With other ministrations, thou, O
nature!
Healest thy wandering and
distempered child:
Thou pourest on him thy soft
influences,
Thy sunny hues, fair forms, and
breathing sweets,
Thy melodies of woods, and winds,
and waters,
Till he relent, and can no more
endure
To be a jarring and a dissonant
thing,
Amid this general dance and
minstrelsy;
But, bursting into tears, wins back
his way,
His angry spirit healed and
harmonized
By the benignant touch of love and
beauty.
http://www.readbookonline.net/readOnLine/3130
William Wordsworth,
The Dungeon , from Lyrical
Ballads,
Bristol, 1798.
In this poem
Wordworth complains about the cruelty of men. ‘ The Dungeon’ is a sad place,
then it is a very visual title for such a poem, in addition to be the main
topic of the poem.
Without any further analysis, the poem builds an image of
sadness, death and pain on the reader, which most probably was the sensation
that the author wanted the poem to create on his audience.
Wordsworth only uses once the word ‘dungeon’ within the
poem. Nevertheless, when the reader sees the title, it functions as an
introductory element.
The poet manifests his sorrow, his disbelief and his
disagreement with the violence and the privacy of freedom through the criticism
of the dungeon. Moreover, he condemns this place arguing that no person
deserves such a cruel punishment. During the second paragraph, the poet claims
that nothing good is waiting for the convicts in the dungeon. On the contrary,
they will be probably executed. And on the last paragraph, he speaks about more
beautiful things because, supposedly, the convicts are already death.
The meaning of the lines is quite clear, appart from the
fact that the author does not say exactly that the convicts are killed. So, at
this point it is up to the reader to think that the metaphors of happiness are
referred to the eternal rest or to the relief of crying.
The author’s viewpoint is rather pessimistic. He defends
liberty, so he is against this kind of enclosure and torture. As a romantic
author, Wordsworth believed that the individual imagination permits freedom.
For him, liberty was one of the essential goods for men.
Furthermore, the tone of the poem is fairly dark,
serious, as a mirror of the author’s feelings. But there is a spark of irony
during the last paragraph, he speaks about happy concepts but in a sad way.
As an interesting detail, it is striking the fact that
the two entreaties, both in vocatives and exclamations, asking for help, are:
‘Merciful God’ and ‘O nature!’. Here then it is more than evident that the
Nature is one of the main elements in the Romantic movement. Wordsworth is
putting the Nature and God power at the same level. Something that is quite
understandable if we take into account that this movement was born as one of the
French Revolution consequences.
Romantic poets are irrational, they are interested in
sensations, emotions… the feelings at the purest level, always related to the
Nature.
Structurally the poem is divided into three paragraphs
plus the title. The kind of line seems to be the iambic pentameter, the
metrical norm for English poetry from the fifteenth century onwards. However,
the two interrogations in the first paragraph and some exclamations break the
metre, making the poem more similar to a free verse one.

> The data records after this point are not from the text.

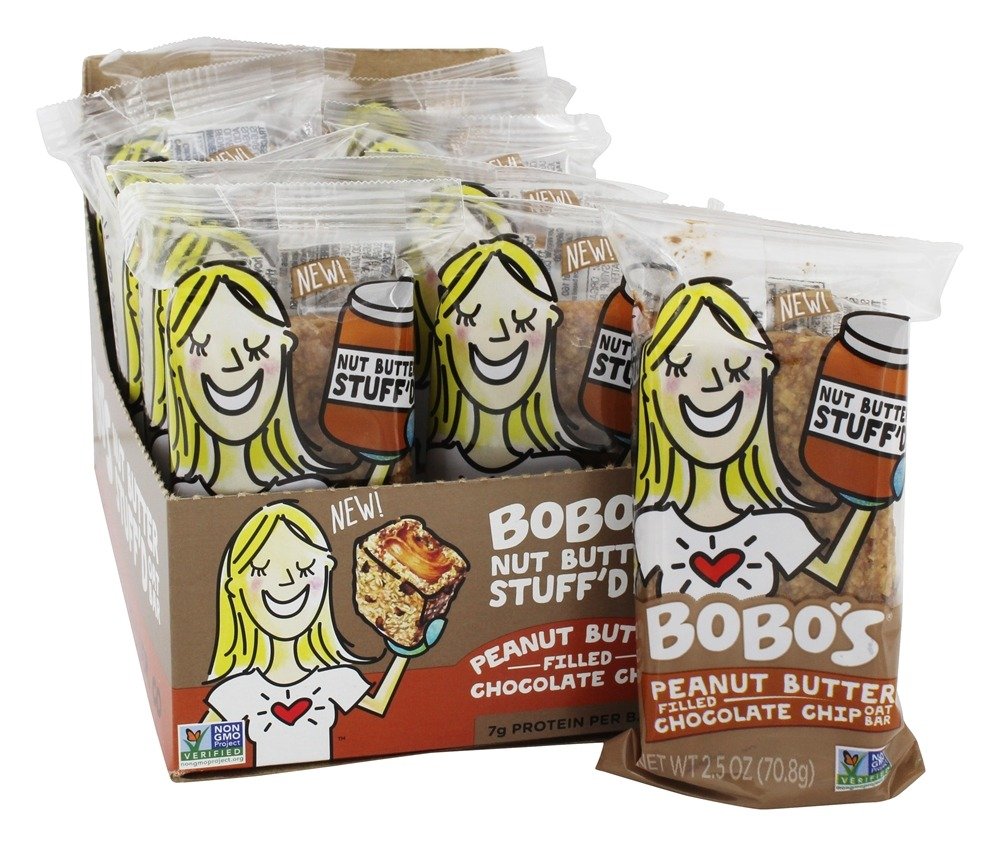 Bobos Stuffd Oat Bar, Chocolate Chip Peanut Butter, Gluten Free, Vegan, 12 Count, Brown, Model 0829262001002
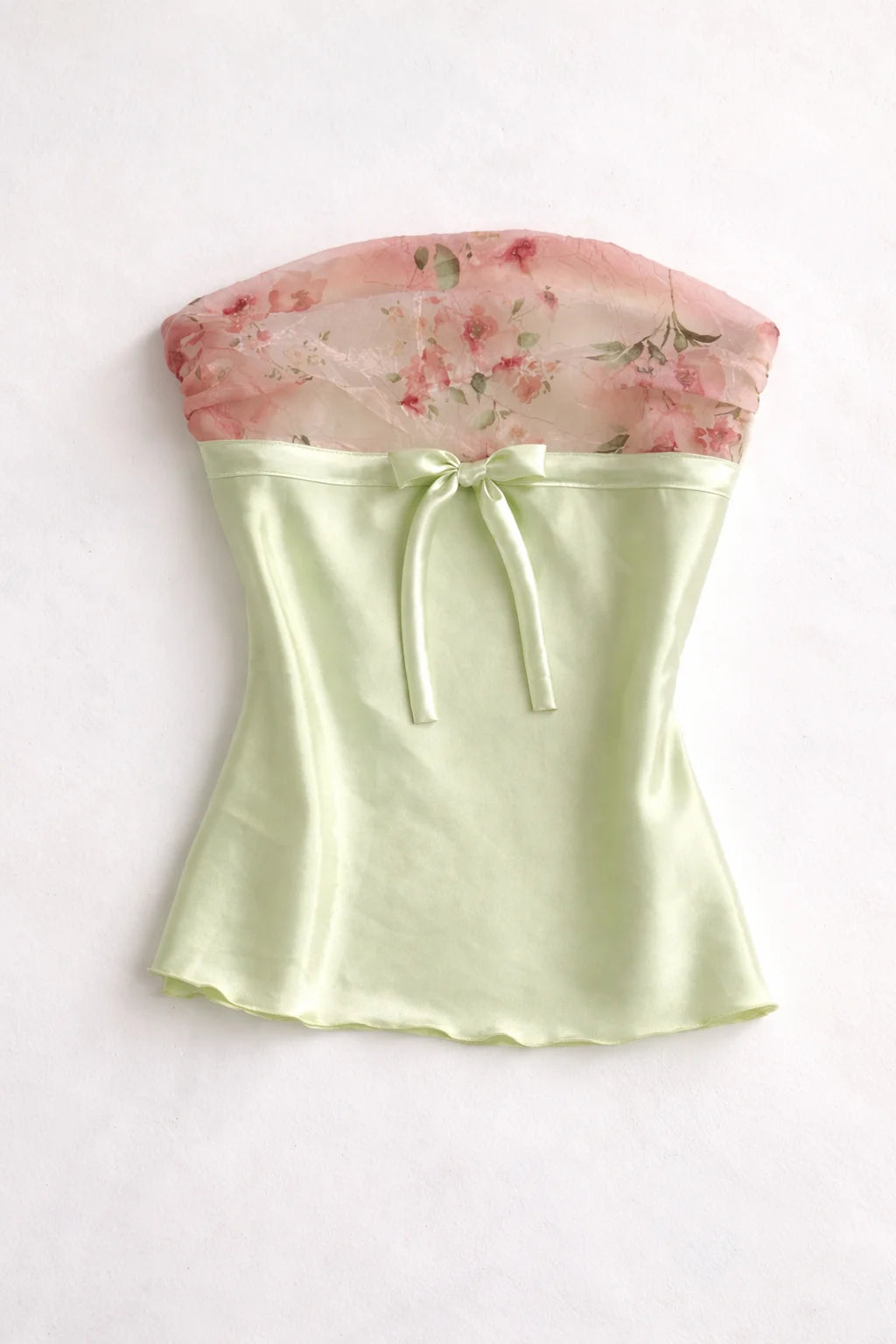 Chiffon & Satin Strapless Floral Top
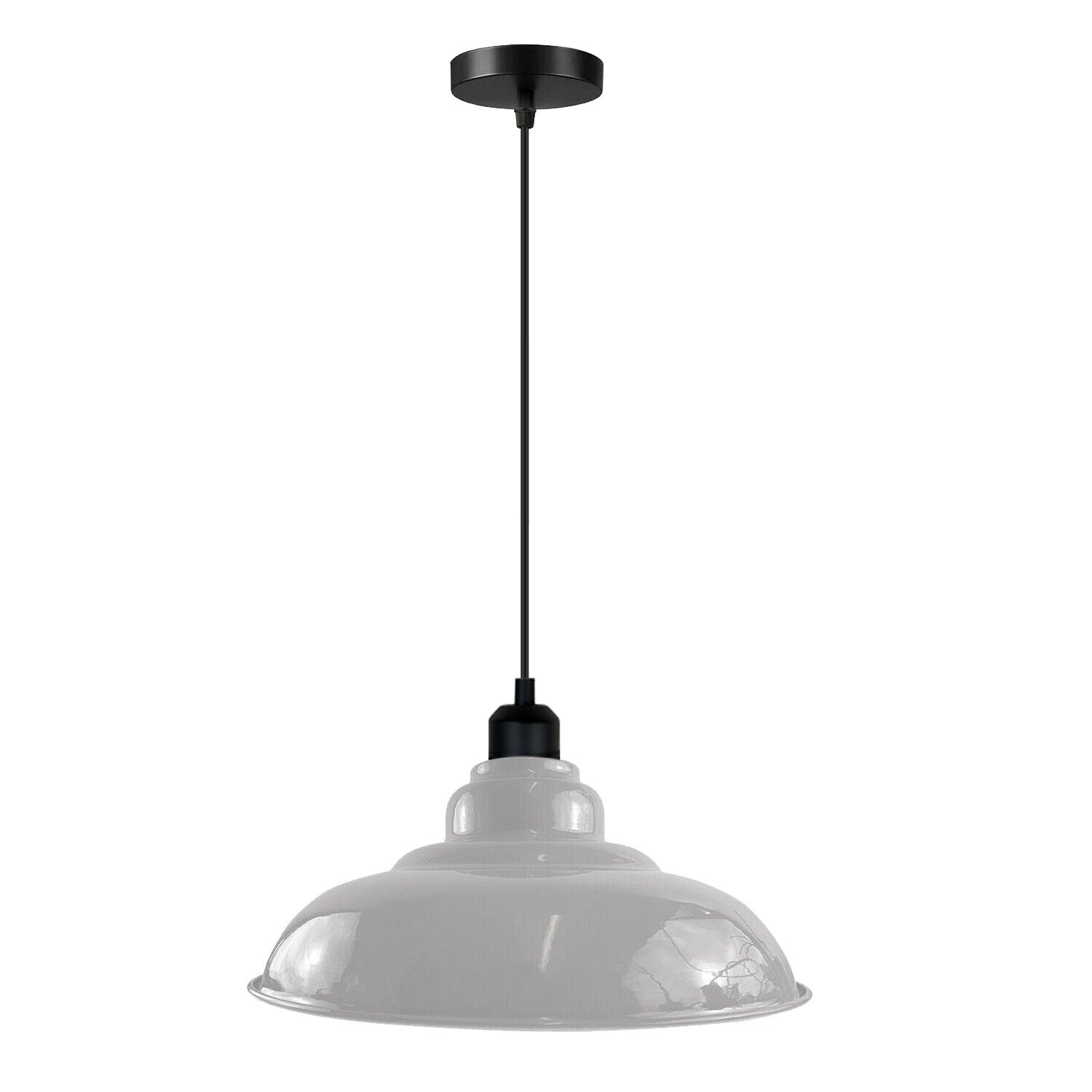 LEDSone industrial Vintage  32cm  White Pendant Retro Metal Lamp Shade E27 Uk Holder~3690 - LEDSone UK Ltd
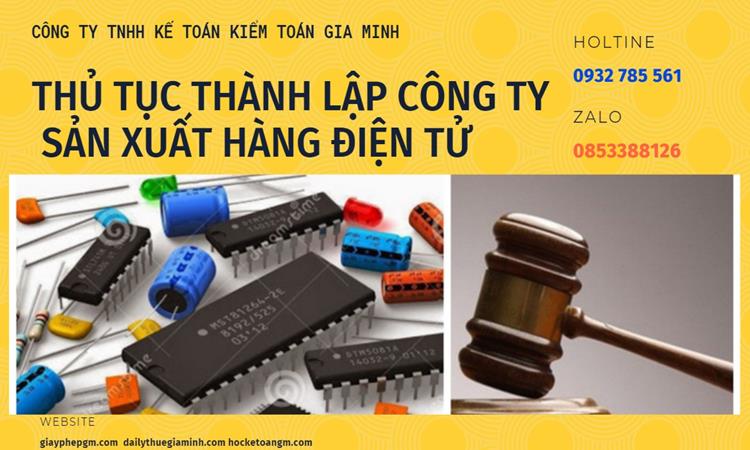Thủ tục thành lập công ty sản xuất hàng điện tử tại TP Hải Phòng 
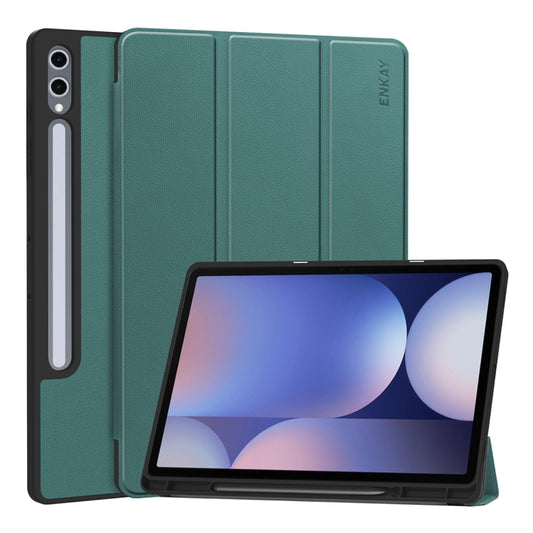 For Samsung Galaxy Tab S10 Ultra / S9 Ultra ENKAY Tri-fold Custer Texture TPU Leather Smart Tablet Case with Pen Slot(Dark Green) - Galaxy Tab S9 Ultra Cases by ENKAY | Online Shopping UK | buy2fix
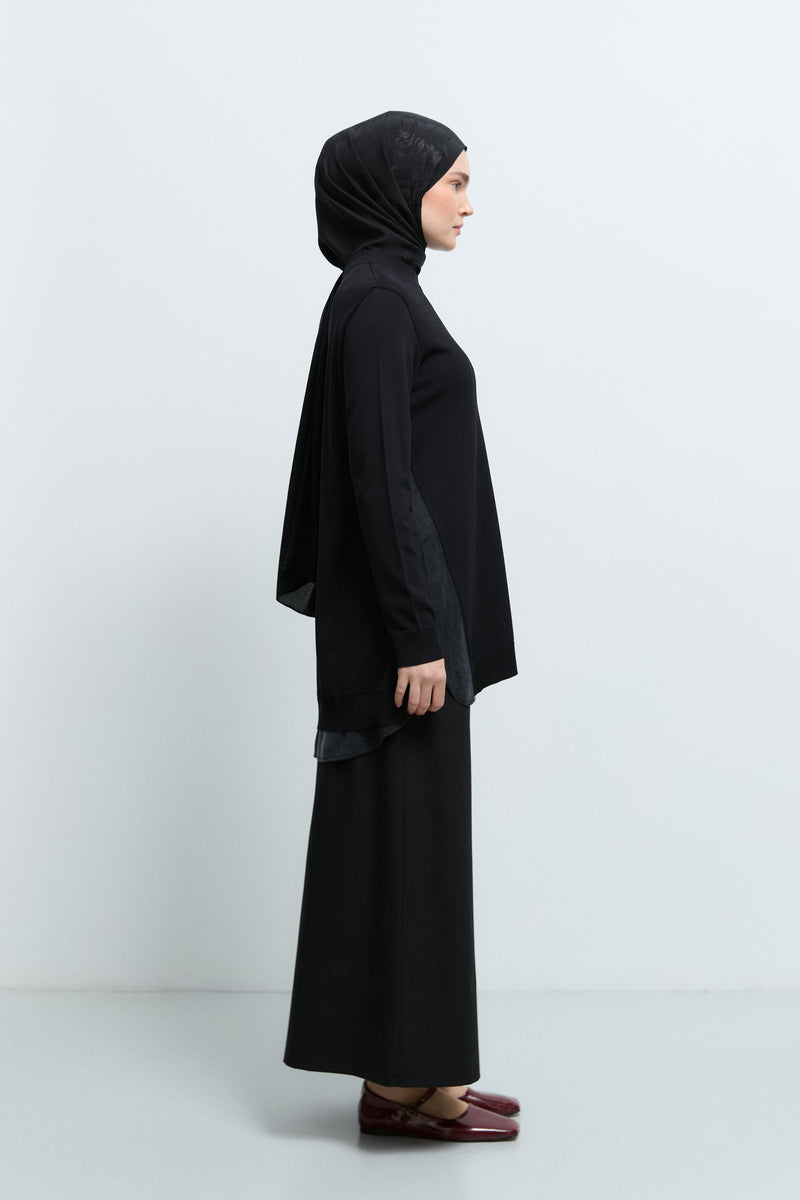 Rayon Karışım Sıfır Yaka Tunik - Siyah TUĞBA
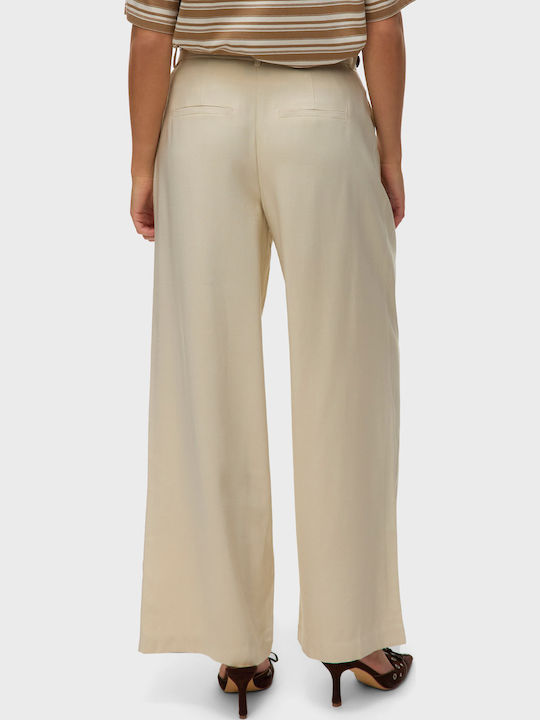 Women's High-waisted Fabric Trousers Beige
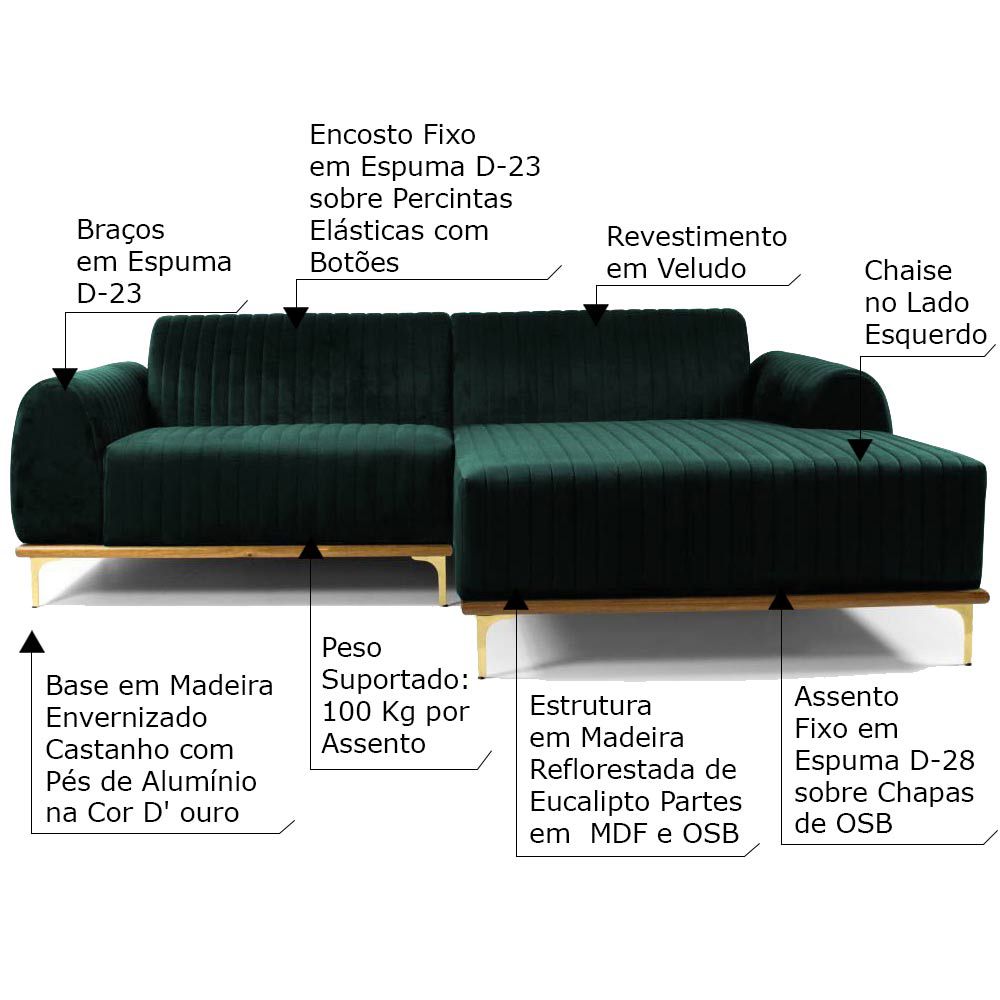 Sofá 3 Lugares com Chaise Base de Madeira Euro 230 cm Veludo Verde - Gran Belo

Phonollogically, it is important to mention the full
alliteration of the fricative /f/ in the first line forefather. And,
relating to the form, there is also a parallelism at the beginning of the
second paragraph, starting the two first lines with the same structure: and,
adjective, substantive. Moreover, there is no rhyme in the poem.
As a key image, there is no need to look very deep inside
the poem, because the main one is already on the title.’The dungeon’ is a word
with a strong meaning, and with no doubt any person who reads the poem would
imagine this image in his or her mind. Furthermore, the poem is full of
metaphors, intelligent metaphors that allow the reader to imagine the cruelty
of the captivity or no-freedom, for instance: ‘proaching poverty’ or ‘the
benignant touch of love and beauty’.
Another stunning device is the contrast between the two
first paragraphs and the last one. During the first and the second everything
is dark and unhappy. So the reader understands that it is a melancholic poem.
But, surprisingly, during the last paragraph the author writes about felicity
and joyous images.
Personally, I think that this is a very effective way of
shocking the reader. Such different images made me understand the meaning of
the poem.
From my point of view, Wordsworth succeded in transmiting
his feelings to the readers. It is a very visual poem, and because of the strong images it has, it
is not too difficult to understand. Concluding, it is an adorable poem about an
awful concept, which is the violation of the liberty.